В тот, 1825 год у Ермолова родилась дочь Сатият от третьей его кебинной жены Тотай. Ермолов назвал дочь на русский манер, София-Ханум. От первых двух кебинных жен он имел троих сыновей, двое умерли еще в младенчестве. Такой кебинный, как бы временный брак допускался мусульманскими обычаями. Женщине, вступившей в такой брак, назначалась денежная сумма, и она имела право на восьмую часть наследства.

В том же, 1825-м Ермолову впервые разрешили отправлять малолеток за счет казны в кадетские корпуса для познания разных наук, и он разослал офицеров отобрать для сего важного дела наиболее способных детей. Опять зажглись бунтом несколько аулов, но генерал-майор Власов, по указанию Ермолова, истребил эти аулы начисто. Ермолов, прочитав донесение генерала, одобрил его и представил Власова к ордену святого Георгия.

Император был в то время в Таганроге, и представление Ермолова нашло его там. Александр Павлович на сей раз отказал Ермолову в ходатайстве и впервые даже сердито попенял ему за столь неумеренные карательные действия, снова напомнив генералу о том, как важно искать примирительные обстоятельства, которые помогут найти истинно дружественные отношения со всеми кавказскими народами.

Послание было грустное, озабоченное чем-то совсем другим, мягкое, доброжелательное… Ермолов еще не знал, что оно последнее в жизни императора Александра Павловича, последнее в их отношениях и переписке. Александр I подписал его 29 сентября 1825 года. Жить ему оставалось 51 день…

Еще не зная всех печальных последствий, Ермолов, прочитав это письмо, расстроился. И даже не тому, что ему опять отказали, хотя и это кольнуло сердце. Расстроило то, что Ермолов вдруг разучился понимать государя, ибо в письме диктовался уже совсем иной подход к управлению Грузией и Кавказом. Нет, Ермолов не стремился выйти в диктаторы, он не желал бессмысленной жестокости, ежечасной тирании, которая при упоминании одного его имени повергала бы всех в ужас, хотя горянки и пугали именем Ермолова своих детей. Он многое делал для облегчения жизни здесь, на Кавказе. Когда наступала жара, он на три месяца распускал присутственные места, сохраняя чиновникам зарплату. В Тифлисе он стал выпускать первую в Грузии газету, причем выходила она на грузинском языке. Госпиталь, больницы, лечебницы, разработка руд и минералов, всего не перечесть, что сделано было им, Ермоловым, здесь. Но он был жесток с теми, кто поднимает оружие против русского человека, кто подстрекает к бунту, кто укрывает бунтовщиков, способствуя тем самым беспорядкам. Почему и с разбойниками он должен искать первым примирительный язык?.. Разве не установлено меж людьми, что поднимающий меч от меча и погибнет?! Разве не важно пресечь зло на корню, выжигая его, и тем самым не допустить его к чистым побегам?! Почему он должен вырабатывать какую-то особую дипломатию, чтобы бороться с разбойниками?!

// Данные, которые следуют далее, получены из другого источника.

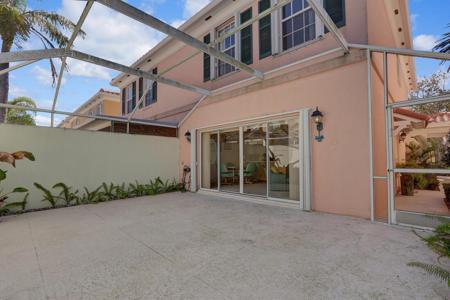 11 Laurel Oaks Circle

Ермолов спрашивал себя об этом и не находил ответа. Он не понимал, что хочет от него государь. А если он не понимает, что хочет от него император, то как он может далее служить ему? Он даже хотел послать императору письмо с просьбой о встрече и короткой аудиенции по этому вопросу, но раздумал. Государь отдыхает, а он прикатит со своими ничтожными сомнениями и нарушит его покой. К зиме он все равно собирался посетить столицу, там и переговорит обо всем спокойно. Надо еще все потихоньку обдумать, может быть, и он в чем-то уже заблуждается, и эта новая тактика не кнута, а пряника принесет более пользы, чем вреда.

Александр Павлович всегда тяготел к либеральным идеям, это известно всем, и в этом вопросе либерализм его особенно хорошо проглядывал. Что ж, каждый человек, даже государь, имеет право на свою такую особенную точку зрения. На то он и император, чтобы время от времени насаждать во вверенной ему империи новые идеи, которые еще не согласуются со старым порядком. Главное, чтобы не сразу его весь порушить…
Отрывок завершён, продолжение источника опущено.